Assignment = For the data below, give the number of lines that include the word "Mini" and nothing else.
- - -
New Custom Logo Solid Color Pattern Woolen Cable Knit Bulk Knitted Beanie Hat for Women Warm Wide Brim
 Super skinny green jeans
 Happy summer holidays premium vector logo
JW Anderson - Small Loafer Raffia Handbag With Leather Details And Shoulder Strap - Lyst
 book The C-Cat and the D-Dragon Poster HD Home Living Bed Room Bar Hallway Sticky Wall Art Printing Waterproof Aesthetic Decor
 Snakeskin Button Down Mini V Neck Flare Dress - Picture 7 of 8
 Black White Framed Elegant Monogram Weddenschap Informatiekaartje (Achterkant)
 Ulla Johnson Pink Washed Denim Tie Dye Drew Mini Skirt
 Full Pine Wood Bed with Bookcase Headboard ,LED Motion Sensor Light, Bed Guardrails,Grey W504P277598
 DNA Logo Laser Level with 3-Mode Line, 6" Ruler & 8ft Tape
- - -
Answer to this task = 2